The bill expands federal support eligibility to fossil-fuel firms and their suppliers—protecting jobs and industry access to finance—while increasing taxpayer financial risk and limiting the government's ability to steer support toward clean-energy transition goals.
Energy companies (including fossil-fuel producers) will be eligible for Title III production and purchase guarantees even if they engage in fossil-fuel activities, increasing their access to federal financial support.
Small manufacturers and suppliers that serve fossil-fuel sectors can access a broader set of Title III supports (finance or federal purchase agreements), helping sustain industrial supply chains and related jobs.
The President retains flexibility to treat energy production differently (including the ability to exclude direct energy production subsidies when deemed appropriate), preserving some executive discretion in industrial support decisions.
Taxpayers may face greater federal financial exposure and long-term costs because expanding Title III eligibility could backstop higher-risk fossil-fuel projects.
Federal support may be steered toward fossil-fuel–related firms, which could slow investment and policy momentum toward renewable energy and decarbonization.
The bill constrains the President's and agencies' ability to prioritize non‑fossil or clean-technology firms when allocating Title III funds, reducing policymakers' flexibility to use industrial policy to favor clean energy.
Based on analysis of 2 sections of legislative text.
Prevents the President from denying Title III DPA financial support to entities for engaging in fossil fuel activities, while keeping an exception for energy production decisions.

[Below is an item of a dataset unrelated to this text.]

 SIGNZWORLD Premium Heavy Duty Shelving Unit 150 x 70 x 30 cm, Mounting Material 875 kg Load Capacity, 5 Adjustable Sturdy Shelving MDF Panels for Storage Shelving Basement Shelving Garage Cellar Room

Introduced August 1, 2025 by Garland H. Barr · Last progress August 1, 2025
Prohibits the President, when using Title III authorities of the Defense Production Act, from denying financial support to a person or company solely because they are involved in exploration, development, production, utilization, transportation, or sale of fossil fuel–based energy, while preserving an existing exception that allows different treatment for energy production activities. The bill also amends a provision in the DPA’s domestic energy subsection (text not shown). The change limits the executive branch’s ability to exclude fossil-fuel interests from Title III financial assistance eligibility.